RFR: 8341137: Optimize long vector multiplication using x86 VPMULUDQ instruction [v2]

Mon Oct 14 17:50:14 UTC 2024

On Mon, 14 Oct 2024 15:04:54 GMT, Jasmine Karthikeyan <jkarthikeyan at openjdk.org> wrote:

> For the record I think in this PR we could simply match the IR patterns in the ad file, since (from my understanding) the patterns we are matching could be supported there.

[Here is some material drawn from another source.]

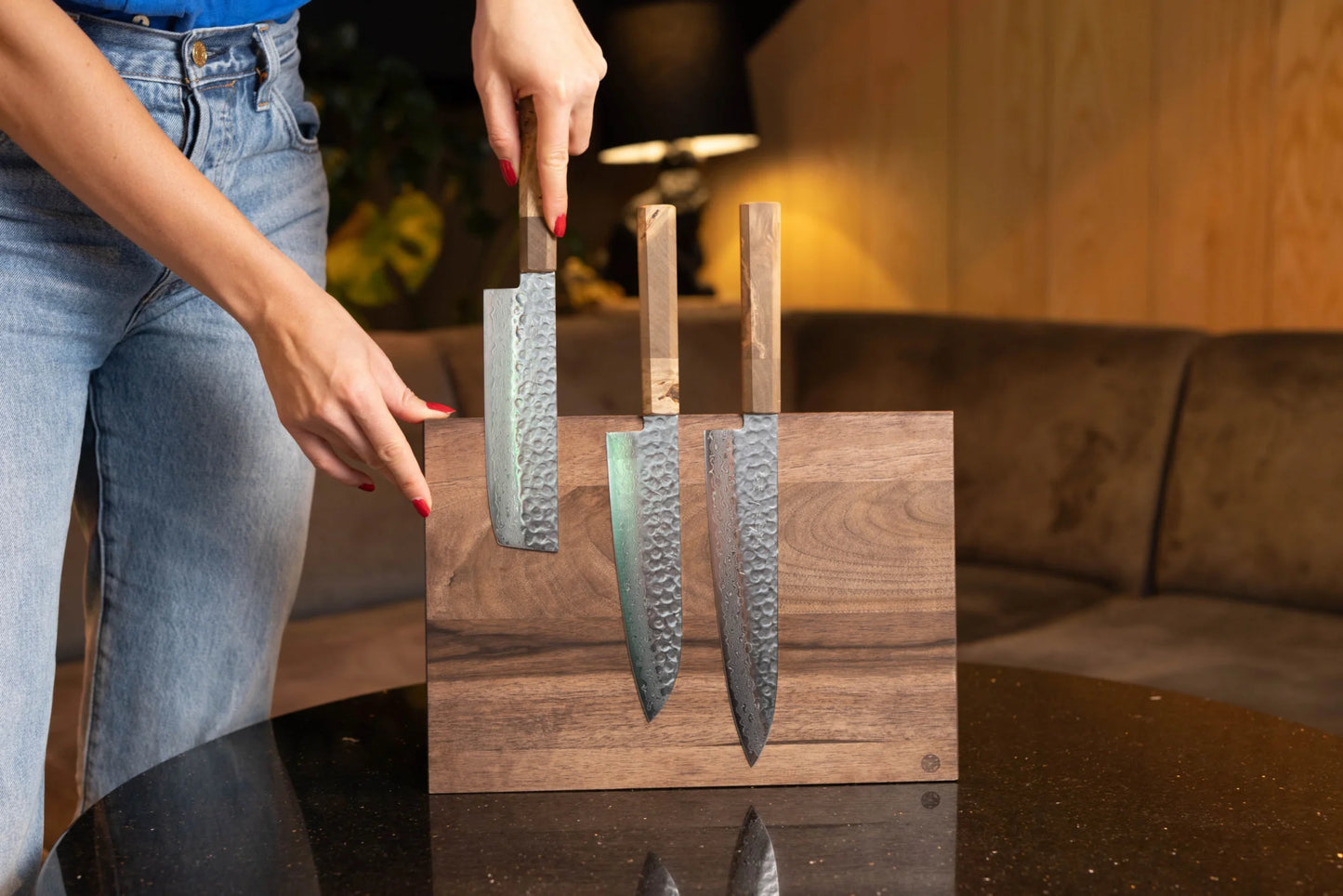 Kaze Magnetic Knife Stand  Block – Walnut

We should do platform-specific lowering in a separate patch because it is pretty nuanced, and we could potentially move it to the new system afterwards.

Hi @jaskarth , Bigger pattern matching is sensitive to [IR level node sharing](https://github.com/openjdk/jdk/blob/master/src/hotspot/share/opto/matcher.cpp#L1724), thus it may not full proof for above 4 patterns. Current patch takes care of this limitation. 

> @jatin-bhateja That is machine-independent lowering, we are talking about machine-dependent lowering to which `MacroLogicV` transformation belongs. You can have `phaselowering_x86` and not have to add another method to `Matcher` as well as add default implementations to various architecture files. You can reuse `MulVL` node for that but I believe these transformations should be done as late as possible.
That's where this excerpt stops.